Financial Adviser Standards and Ethics Authority chief executive Stephen Glenfield gave his first public address to explain the proposals in FASEA’s standards summary, released last week, and emphasised that the authority was open to changing the proposed rules.

Speaking at the Financial Planning Association 2018 Professionals Congress in Sydney this morning, Glenfield – who took over from interim chief executive Mark Brimble in September – said coming to the final framework was a matter of determining what felt right and then working with the community to fine-tune the proposals.

“We form a view on what we think is right and then we put that out to stakeholders,” Glenfield explained. “We then listen to what’s coming back so that we can nuance it in a way that will hopefully work for industry but doesn’t pull back from what we’re there to achieve.”

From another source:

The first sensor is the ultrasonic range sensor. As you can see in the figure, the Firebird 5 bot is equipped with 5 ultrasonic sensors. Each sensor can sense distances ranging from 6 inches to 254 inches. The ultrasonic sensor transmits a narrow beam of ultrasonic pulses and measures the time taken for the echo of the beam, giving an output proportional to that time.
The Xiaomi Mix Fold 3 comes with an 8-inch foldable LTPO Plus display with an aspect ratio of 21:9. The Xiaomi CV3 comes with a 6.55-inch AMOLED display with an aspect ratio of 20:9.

After briefing the full house of FPA members on the proposals for 15 minutes, Glenfield sat for a 20-minute Q and A session with FPA chief executive Dante De Gori, who asked how much change Glenfield thought “realistically will be made to those legislative instruments”.

“I’m open-minded on it,” Glenfield replied. “I’m open to what will come back. I’ve said I’m listening and we are listening.”

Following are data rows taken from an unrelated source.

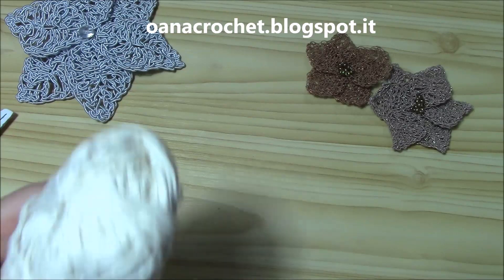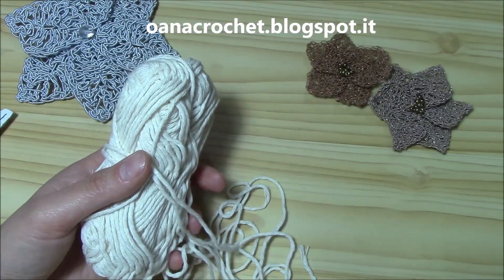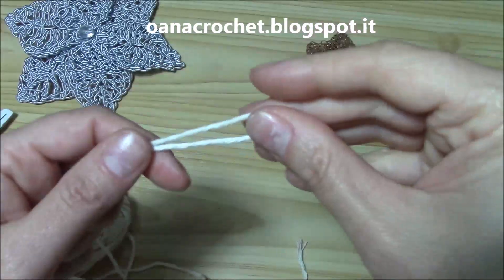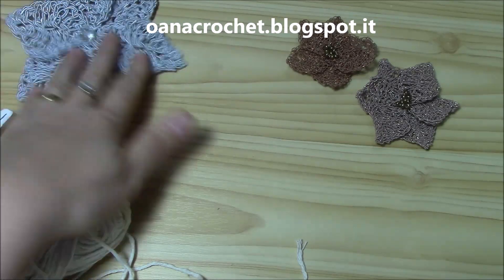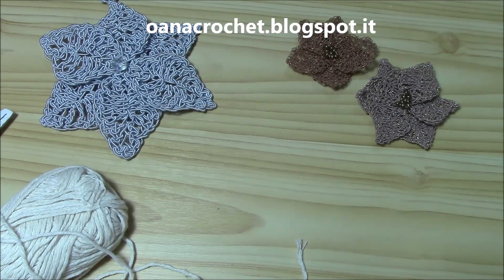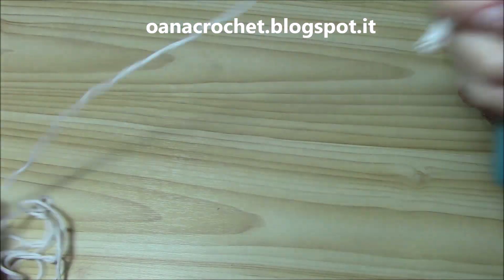Now let's see what else we need. We will need some all-purpose cotton suitable for a 5mm hook. If yours is thinner, you can put it in two threads to obtain the right thickness for the 5mm hook. We will also need a 3mm hook for the jewellery yarn pieces. All these two hook sizes we will need. Of course, some scissors and some stuffing — you'll see why. Now let's get started with the little ring — the garland ring.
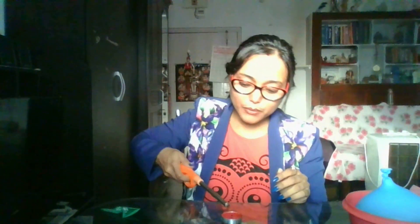So let me put the fire again, and now let's start with the water-filled balloon. This balloon is filled with water.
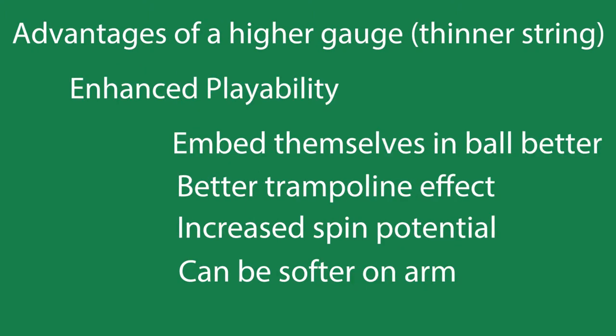The advantages of a higher gauge, or a thinner string, is basically just enhanced playability. Thinner strings can really embed themselves in the ball better — you have a good trampoline effect. A lot of people think this can increase your spin and power potential because the strings embed themselves in the ball, and you can really get some good topspin as well as some power.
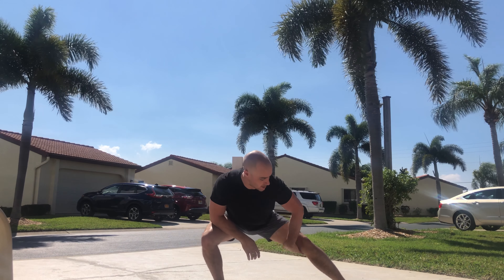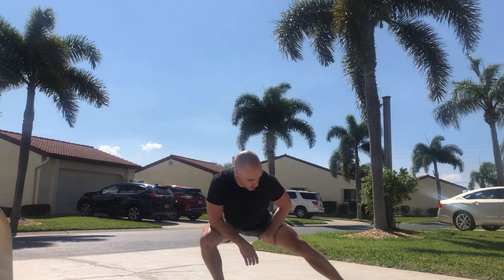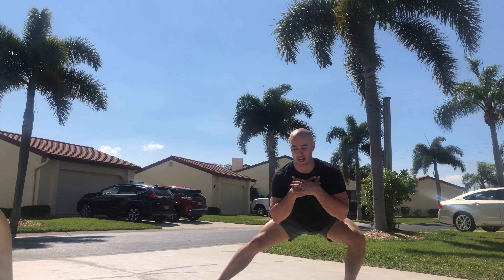Back to the other side, keeping that back leg nice and straight so I feel that stretch, and then staying strong in between the hips as I lean over to the other side. Back and forth — try and keep that chest nice and upright. Make sure you feel that deep stretch in your groin.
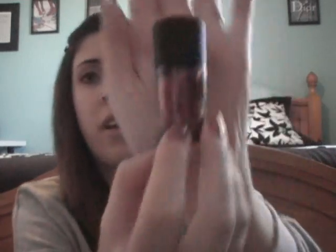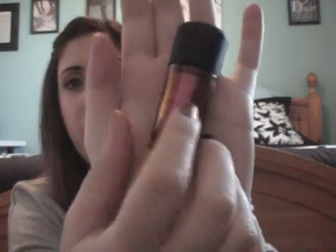I'll just hold it up here so you guys can get a look at it and see how the color kind of changes in the light. I will post a picture of my nails and the polish as well, so you can get maybe a better idea of how it would look. So I hope you guys like this little short and sweet video on MAC's Bad Fairy Nail Lacquer. I hope you guys have a great day and I'll see you in my next video.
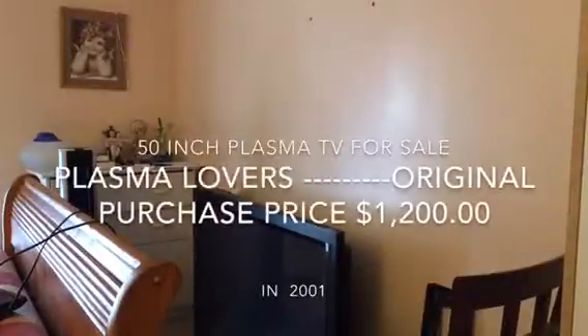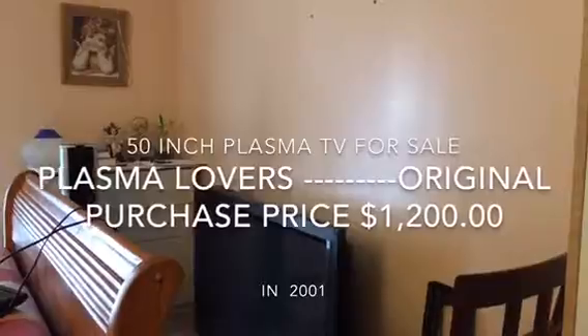Right there? Yeah. So get rid of that old TV? Yeah.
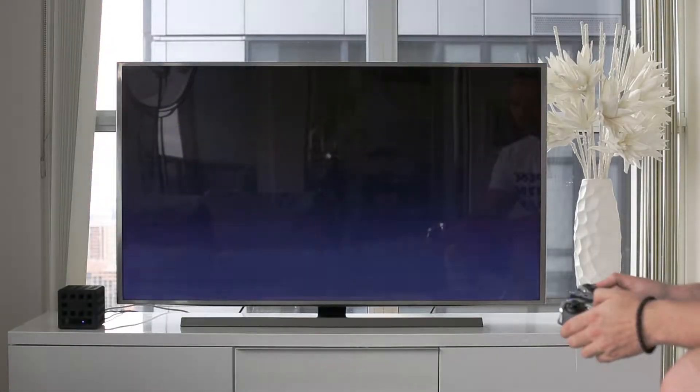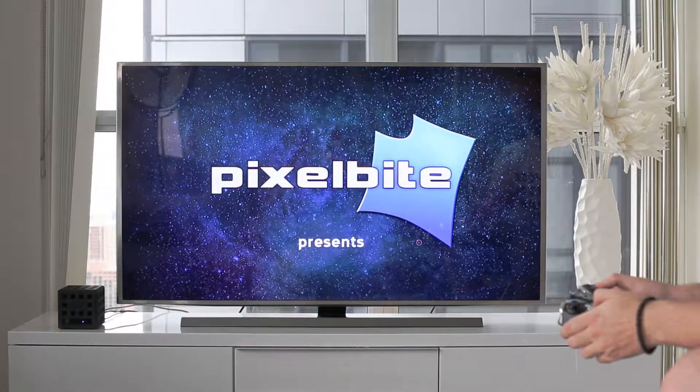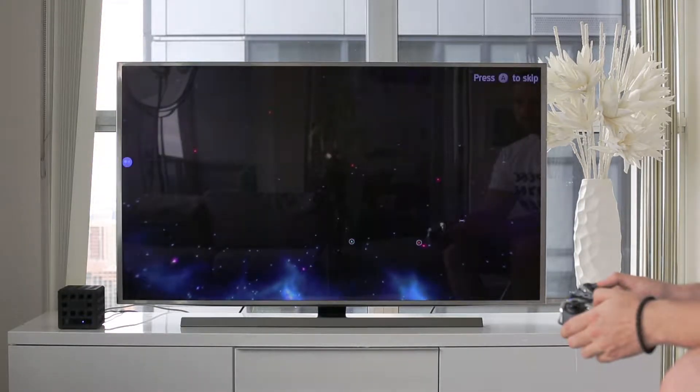Hey guys, it's Nick again. We're looking at Space Cowboys, an Android game. It's essentially a 3D game for Android on our Unibox device. It's taking a bit to load because it's a fairly large file — around 700 megs roughly.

FASEA will keep the consultation lines open on the legislative instruments for between two and four weeks, “depending on the standard and the complexity of the issues”. The education pathways standard, for example, will be open to submissions for three weeks from the November 19 release date.

Glenfield added that the aim was to have the final instruments made “before the end of the year”. Given the short turnaround required, there will be little time to waste.

“We will take those responses to consultation and distil them as they’re coming in. It’s not like we’re going back at the end of the period and then doing something, we’ll distil as they come in,” he explained.

‘Misinformed poets’

During his address, Glenfield acknowledged that the consultation process had been somewhat of a rocky road.

“We’ve worked hard to address and simplify this complex challenge, operating in an environment of divergent, sometimes passionate, and occasionally misinformed, poets of market discussion regarding our task.”

Despite there being “a lot of noise around FASEA”, Glenfield asserted that all of the feedback was welcome.

“I wish to reiterate that the standards authority acknowledges and appreciates the considered feedback received from a wide spectrum of the advice profession and industry, the education sector and, of course, consumer points of view,” he said. “Those voices have been heard and they continue to be heard. It has been a careful focus of FASEA to incorporate the breadth of this consultation into its final standards and we’ll continue to listen to consultation as we move towards final standards.”